E’ del 5 novembre 2012 la sentenza della Corte di Cassazione, la 18921, che stabilisce come legittimo il comportamento dei dipendenti che si rifiutano di lavorare, dopo aver timbrato il cartellino, per la presenza di amianto sul luogo di lavoro.
La sentenza riguarda il ricorso di una nota azienda italiana che aveva sospeso alcuni suoi dipendenti, non retribuendoli, dopo che questi si rifiutavano di frequentare il posto di lavoro, palesemente contaminato dal pericoloso materiale-killer.

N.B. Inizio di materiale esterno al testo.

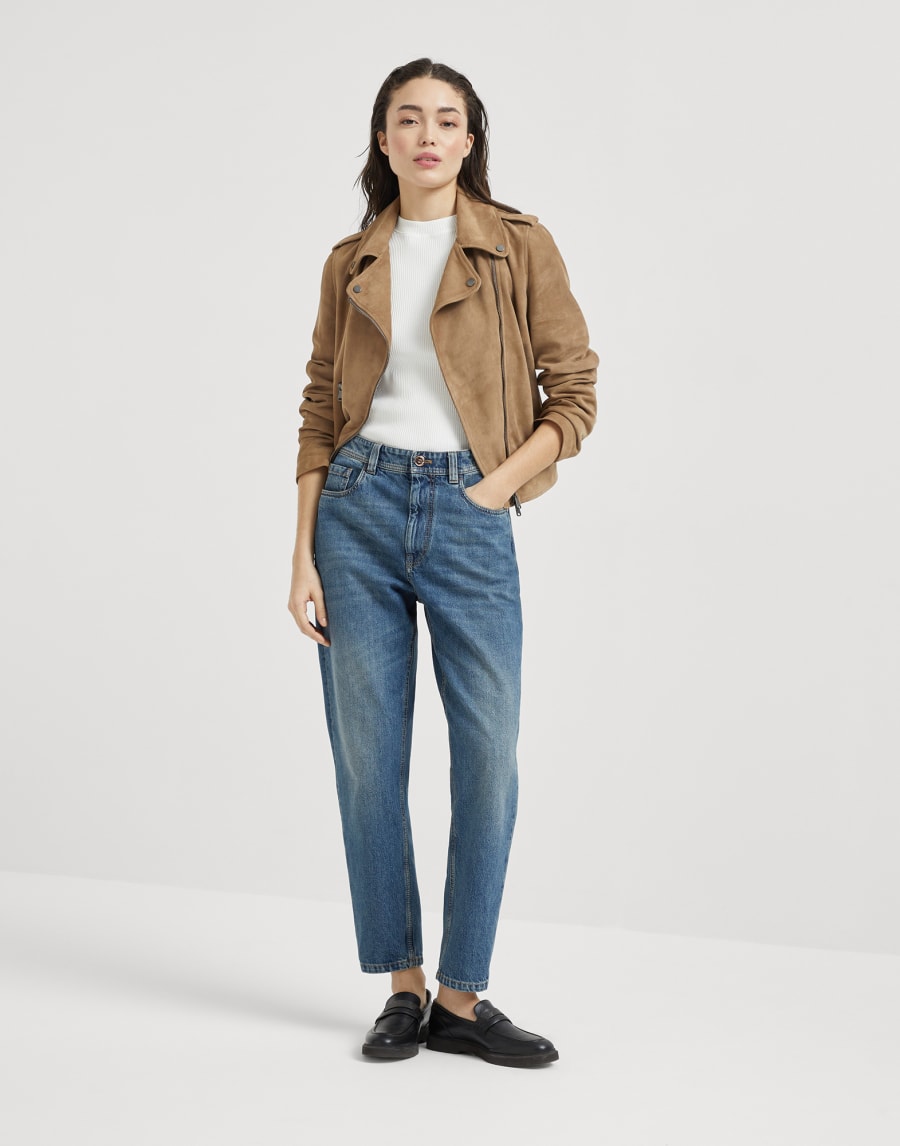 Suede biker jacket Hazelnut Woman - Brunello Cucinelli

La Corte di Cassazione non si è limitata a sancire come illegittimo il comportamento dlel’azienda, e quindi assolutamente lecito quello dei lavoratori, aggiungendo che: “la responsabilità dell’imprenditore ex art. 2087 cc, pur non configurando una ipotesi di responsabilità oggettiva, non è circoscritta alla violazione di regole di esperienza o di regole tecniche preesistenti e collaudate, ma deve ritenersi volta a sanzionare, alla luce delle garanzie costituzionali del lavoratore, l’omessa predisposizione da parte del datore di lavoro di tutte quelle misure e cautele atte a preservare l’integrità psicofisica e la salute del lavoratore sul luogo di lavoro, tenuto conto della concreta realtà aziendale e della sua maggiore o minore possibilità di venire a conoscenza e di indagare sull’esistenza di fattori di rischio in un determinato momento storico; inoltre, nel caso in cui il datore di lavoro non adotti, a norma dell’art. 2087 cc, tutte le misure necessarie a tutelare l’integrità fisica e le condizioni di salute del prestatore di lavoro, rendendosi così inadempiente ad un obbligo contrattuale, questi, oltre al risarcimento dei danni, ha in linea di principio il diritto di astenersi dalle specifiche prestazioni la cui esecuzione possa arrecare pregiudizio alla sua salute (cfr, Cass., n. 11664/2006)”.